My recent posts about Back to the Future: The Game might be more timely than I originally had thought. Gamefly has a listing for a Back to the Future: The Game 30th Anniversary Edition.  The game will apparently be coming out for the first time for PlayStation 4, Xbox 360, and Xbox One.

Even more intriguing is the Amazon listing which includes Tom Wilson as Biff Tannen.  We'll just have to wait to see if this a mistake on their part, or if Telltale managed another Earl Boen situation and plans to re-release the game with the original actor in the role.

That said, nothing has been confirmed by Telltale yet about this new release, so we'll also have to wait to see if this 30th anniversary edition comes out at all.  For what it's worth, Amazon has the release date listed as October 13, 2015.

Monday, August 10, 2015

Making Sense of Back to the Future: Part II

The Back to the Future series begins to get quite confusing by the second installment of the franchise. It's this entry that explains most of the more confusing aspects of Back to the Future: The Game though, so it's an important one to get to understand just how it ticks.


Back to the Future Part II begins right where the first film left off, with Marty and Jennifer traveling to the future in the hover-converted DeLorean with Doc to try to stop an incident that causes problems for their future children. That's the first of the most confusing aspects of this film, as common sense dictates that if Marty and Jennifer leave 1985, they should not exist in 2015, so their kids should never have been born. However, it does make sense if you think fourth-dimensionally.

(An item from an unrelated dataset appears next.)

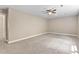 Large bedroom with neutral walls, carpet, ceiling fan and ample space for furniture at 40 Holden Ct, Youngsville, NC 27596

Marty and Jennifer can exist in 2015 despite leaving the timeline in 1985 for the same reason that Marty still existed in 1955 despite the fact that he eliminated the moment that caused his parents to fall in love and have children. The ripple effect causes the timeline to catch up to itself slower for those who travel through time. Because Doc, Marty, and Jennifer are time travelers, any changes they make to the timeline don't affect them as quickly as everyone else. Therefore their future selves won't fade out of existence for quite some time, as it took Marty a week to begin to fade out in the first film.


However, if you are a time traveler that makes a change that causes harm to yourself in the past, and then you travel through time past the point where that harm occurred, the ripple effect catches up to you much faster. This is seen when old Biff is in pain getting out of the DeLorean after returning to 2015. In an extended scene in the DVD and Blu-Ray releases of the film, the pain is explained, as Biff is seen fading out of existence.

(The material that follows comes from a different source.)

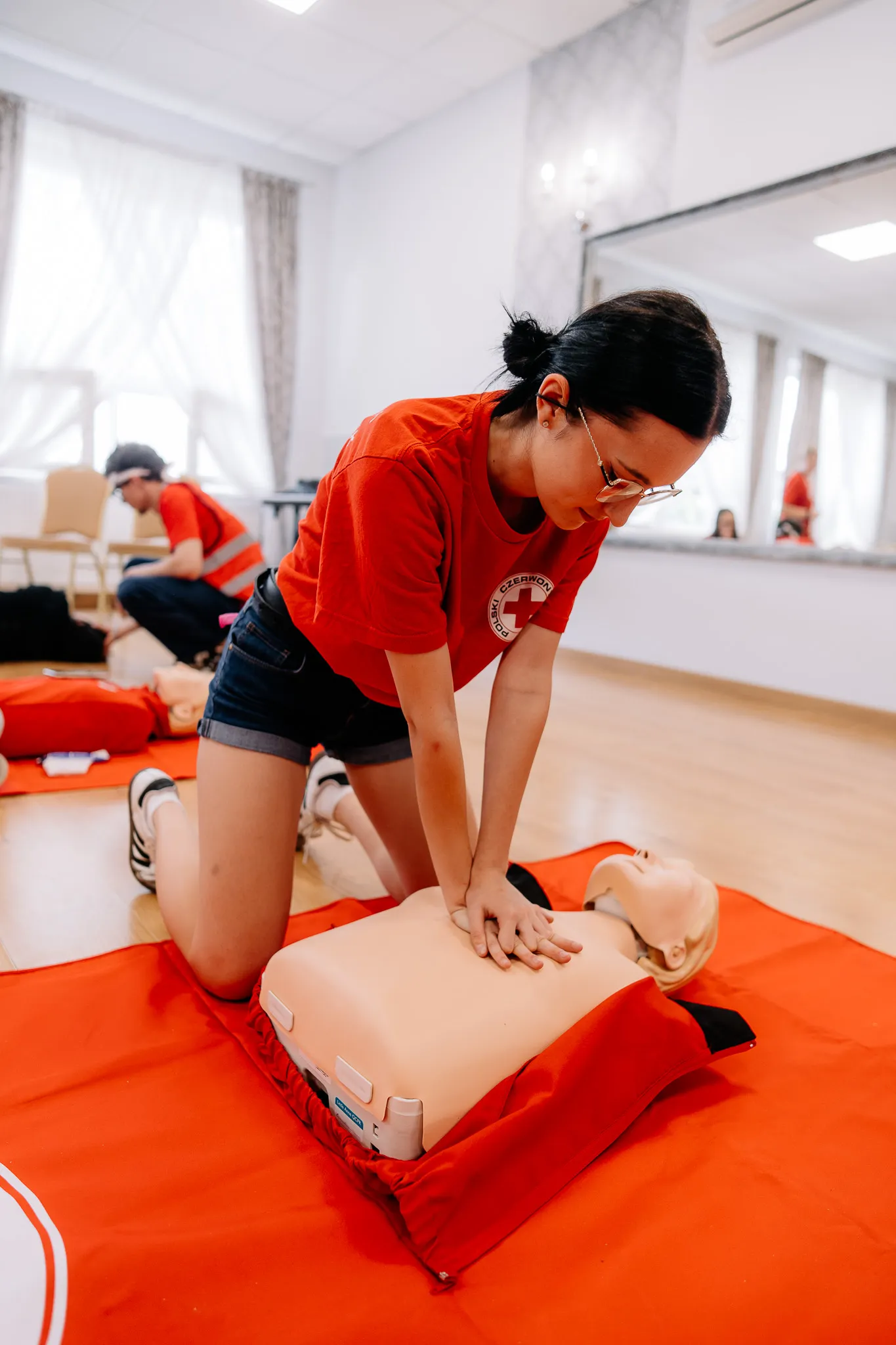 Młoda kobieta uciska fantom podczas kursu pierwszej pomocy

Even though old Biff no longer exists in the new timeline, his cane didn't fade out of existence as the cane itself would still have existed even if old Biff had not purchased it. Since Marty, Doc, and Jennifer are time travelers, the cane and the Hilldale of the original timeline are still in the same spot as they were before old Biff's interference in the time stream. Despite old Biff erasing himself from existence, the time ripple hadn't caught up to Marty, Doc, and Jennifer yet.

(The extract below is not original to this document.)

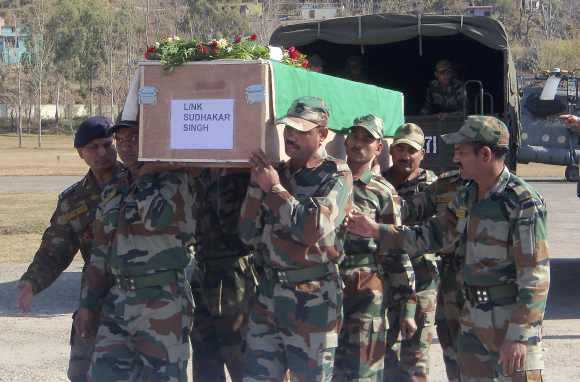 Indian Army soldiers carry a coffin containing the body of a colleague at a garrison in Rajouri district, about 170 km northwest of Jammu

Another confusing aspect of the second film is the whole reason why Doc brings Marty and Jennifer into the future in the first place.  If their kids have problems because of their association with a gang, it would make a lot more sense to just warn Marty about this in 1985 so that he can prevent his kids from ever getting involved in the gang in the first place.

This can be seen as one of Doc's eccentricities. Rather than doing things the easy way, Doc went the long way around to solve the problem. However, it's even more involved than it is at first glance, as it has been shown that the Back to the Future universe is cyclical. When Marty and Jennifer get back to 1985, it's going to be tough for them to let things get bad for their kids once they have them, even knowing that their past selves will be there to correct it. If they don't do that though, it will be tough to set things up in motion, as the Doc from when the universe cycles around won't see the newspaper headline that caused the events to be set into motion, since in that timeline, the events never would have happened.

However, it's shown that Doc cares about trying to preserve at least most of the cyclical timeline. Even though he changed the timeline by saving his own life, he still went through the effort to make sure that Marty still became his assistant, he never told Marty about his adventures in the past, and he made sure that the DeLorean experiment happened on the exact day and time that it did on the tape from the original timeline.

Doc would make sure that the events that led to the trio leaving 1985 to go to 2015 were set in motion when the timeline cycles around, despite the fact that the events wouldn't have lined up the same way. This could be as simple as him traveling to the future to remind Jennifer and Marty to stay out of the affairs of their children since everything will be OK. If Marty and Jennifer allowed the events with their children to play out the same way in the new timeline, every piece of the puzzle would still fall into place.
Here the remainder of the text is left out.